That the baboons are a massive problem on these farms is undebatable. And I would like to believe that shooting them within throwing distance of the closest Constantia coffee-shop was the last, desperate resort. But is it?

Farms throughout South Africa have to deal with baboons, and there are some ingenious ways of sending the apes back to where they came from without putting bullets in their noggins.

In the Sandveld region of the Western Cape I have seen the pumpkin-trap work like a bomb on the family potato and rooibos tea farm. For this, you take a large dried pumpkin and attach a piece of rope to its stem, tying this to a heavy object or a pole. One then cuts a hole into the pumpkin, about the size of a tennis-ball. With a long knife you poke through the hole and loosen up the dried flesh and pips inside of the pumpkin.

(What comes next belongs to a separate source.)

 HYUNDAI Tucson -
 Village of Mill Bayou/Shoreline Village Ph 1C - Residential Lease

A baboon packs it in. (Pic:

Now you hide behind a ridge or a bush and watch what happens.
The baboon smells the pumpkin from a mile, and is there within a minute. Sitting next to the object, it looks around to ensure he is not being detected. Then the ape plunges his hand into that hole, grabbing the delectable pumpkin pips of which the species are so fond. However, now that his hand is a clenched fist, it cannot pass back through the hole. But your baboon remains unwilling to forfeit the fruits of his plunder, remaining clenched-fisted and thus attached to the anchored pumpkin.

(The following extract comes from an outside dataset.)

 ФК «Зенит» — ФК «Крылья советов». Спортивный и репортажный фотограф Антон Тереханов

Trapped through its own stupidity and greed, the primate succumbs to your advances as you catch and cage him, ready to be removed from your property with nothing hurt but its ego.

The eradication method that could work better in Constantia, however, is the one exploiting the species’ tight sense of community and oneness. This involves first catching or darting one member of the troop and rapidly ferreting it to a shed. Here you and preferably some colleagues hold the animal down and give it somewhat of a make-over.

This entails covering it with white paint – I have experimented with powder-blue, custard-yellow and bright pink, but for some or other reason white works best. From toe to ear you spread that stuff all over your baboon, taking care not to get any into its eyes for it will need those eyes to find its comrades. And these comrades have an important role to play in the whole exercise.

Once released, the painted white baboon goes looking for its troop to tell them of the strange ordeal it has been put through by those stupid wine-farming, land-grabbing, baboon-hating humans. Problem is, the other baboons are absolutely terrified by the sight of this strange white thing running at them. Dropping the illegally foraged vegetables or fruit to gather their babies, the apes run like the clappers to get as far away as possible from this pale ghost-like creature calling after them.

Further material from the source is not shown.